Do you share an email address with your significant other? When I first got the Internet my girlfriend asked me for my address. When I told her Paul and I were just using the same one, she seemed disappointed. I told her he wouldn’t ever use it anyway so what difference would it make? I had no secrets to keep so I didn’t feel like I needed my own.
What I failed to realize was when she wanted to write to me, she didn’t necessarily want my husband reading what she wrote. She told me she wanted to write to “me.” She asked me if he would open mail delivered to my house that was addressed to me and I said of course not.

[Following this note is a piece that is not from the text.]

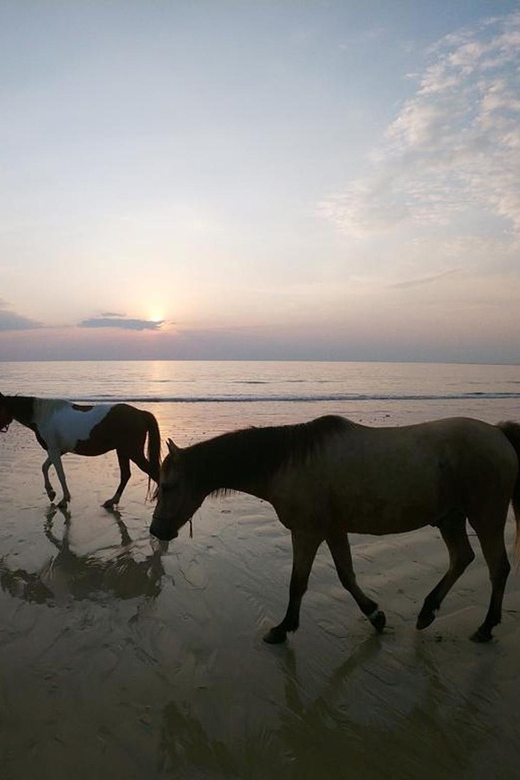 Koh Samui: Sunset Trail Horse Riding on The Beach - Getting Help on the Horse: Solo Riding Is an Option for Some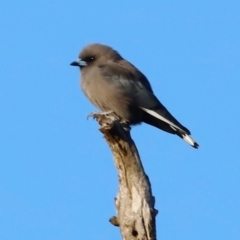 Artamus cyanopterus (Dusky Woodswallow) at Molonglo River Reserve - 31 Mar 2024 by JimL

She then said, “right, so why don’t you just get your own email?” It would be the same thing.
Once she put it like that, I did agree that mail written to me, was personal. It wasn’t that I had anything to keep from my husband but I was not giving my friends or family a way to write to me that was private just for me. If my friend is ticked at her husband and needs to vent to me, she doesn’t need or want my husband reading it. If she’s having a problem, she doesn’t need the whole world or all her friends husbands knowing and reading about it. I guess the same goes to anyone that just needs to vent, they want to do it to the person they are writing to and not that persons spouse also.
I do know a few people who are always “watched” by their spouse and have had to “sneak” a separate email that their spouse doesn’t even know about just because it caused problems. Personally, I find that’s a problem in itself. But, that’s just my opinion. So, I do have my own email address but it’s not private by any means. My husband I guess just doesn’t care about my little personal drama’s and if someone writes to us both, I print it out for him. We use my email address for everything, he just doesn’t write to anyone so it’s easier for me to keep track of things. I’ll go one step further and bet he doesn’t even know what his email address is or how to get to or check mine.
So I’m wondering if everyone has their own email address and why.